Pagi harinya, pantai ramai oleh rombongan mahasiswa. Batal deh mandi pagi di laut. Kami kemudian memilih untuk sarapan. Tiba-tiba, pemilik warung datang. Kami terburu-buru makan lalu cepat-cepat membereskan tenda dan peralatan masak.

Kami memasang tenda dan menggelar matras di bawah pohon mahoni besar. Mulai pukul sepuluh, ada banyak rombongan dan keluarga datang. Kami bertiga terlihat seperti orang aneh yang kemping ditengah-tengah sekitar 300an orang. Rombongan lain sudah memberesi tendanya dan pulang.

Setelah jam 12 siang, air mulai pasang. Lagi-lagi kami memindahkan tenda. Sore harinya, pasang semakin tinggi dan kami memindahkan tenda lagi.

Pantai mulai sepi setelah pukul lima. Rombongan kami bertambah menjadi sembilan orang saat Jhon dan kawan-kawannya bergabung. Kami beramai-ramai menggelar matras di pinggir pantai sambil membuat api unggun.

Pagi harinya, pantai terlihat lebih menyenangkan karena hanya ada beberapa orang di sana. Senangnya bisa menyusuri pantai yang bersih dari ujung ke ujung tanpa memakai alas kaki. Kami bersembilan kemudian ramai-ramai sarapan dengan menu mie dan kepiting buruan tadi malam.

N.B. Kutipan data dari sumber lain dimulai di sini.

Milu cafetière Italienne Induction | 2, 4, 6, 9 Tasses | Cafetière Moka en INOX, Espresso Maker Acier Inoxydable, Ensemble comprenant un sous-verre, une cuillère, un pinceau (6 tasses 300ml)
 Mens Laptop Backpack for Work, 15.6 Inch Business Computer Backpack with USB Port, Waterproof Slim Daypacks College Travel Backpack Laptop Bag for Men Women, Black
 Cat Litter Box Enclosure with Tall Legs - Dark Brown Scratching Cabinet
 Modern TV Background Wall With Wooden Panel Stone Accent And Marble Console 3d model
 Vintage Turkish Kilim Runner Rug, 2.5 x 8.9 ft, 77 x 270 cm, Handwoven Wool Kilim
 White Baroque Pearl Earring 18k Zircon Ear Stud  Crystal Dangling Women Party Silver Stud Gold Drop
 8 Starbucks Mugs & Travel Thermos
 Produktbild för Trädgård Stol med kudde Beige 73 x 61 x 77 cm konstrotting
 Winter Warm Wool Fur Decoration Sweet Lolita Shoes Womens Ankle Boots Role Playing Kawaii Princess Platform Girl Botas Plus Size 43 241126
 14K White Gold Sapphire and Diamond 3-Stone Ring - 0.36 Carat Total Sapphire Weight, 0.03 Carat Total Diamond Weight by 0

Setelah kenyang, kami bermain ombak. Seru, karena ombak di pantai ini kencang sekali. Beberapa orang bahkan mencoba surfing menggunakan matras. Permainan berganti menjadi lomba menangkap trangia saat peralatan masak yang hendak dicuci Manying terbawa ombak. Puas bermain air, kami bermain pasir.

Makan rame-rame. Ada yang pakai sumpit, sendok pinjaman, botol minum, dan ranting pohon.

Sekitar pukul sepuluh, pantai mulai ramai. Ada banyak rombongan bus dari luar kota datang dan kami memutuskan untuk pulang.